Exercise material:
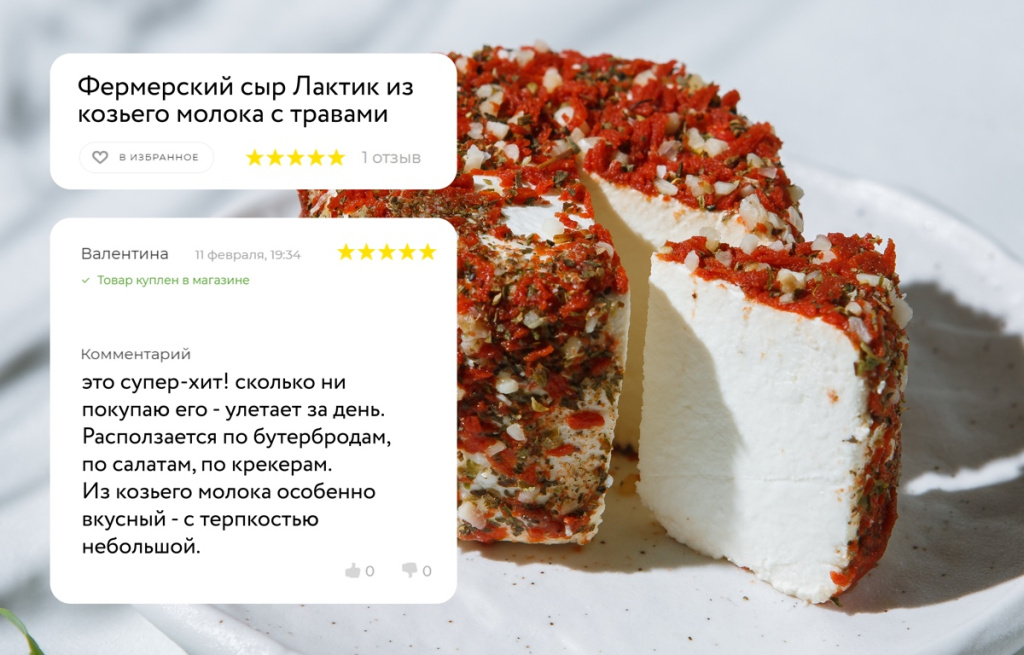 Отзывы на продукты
---
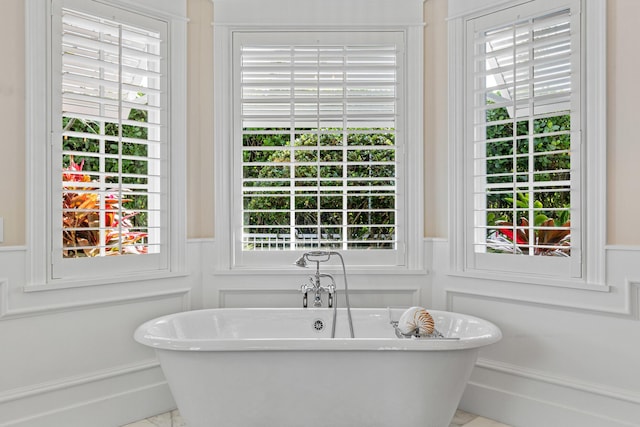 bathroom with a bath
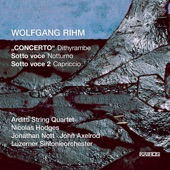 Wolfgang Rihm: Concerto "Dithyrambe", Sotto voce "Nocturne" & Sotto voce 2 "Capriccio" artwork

Problem:
Copy the lines above exactly, starting at the one with "bathroom with a bath" and ending at the one with "Wolfgang Rihm: Concerto", both included. Leave out any pictures and add nothing else.

Result for this exercise:
 bathroom with a bath
 Wolfgang Rihm: Concerto "Dithyrambe", Sotto voce "Nocturne" & Sotto voce 2 "Capriccio" artwork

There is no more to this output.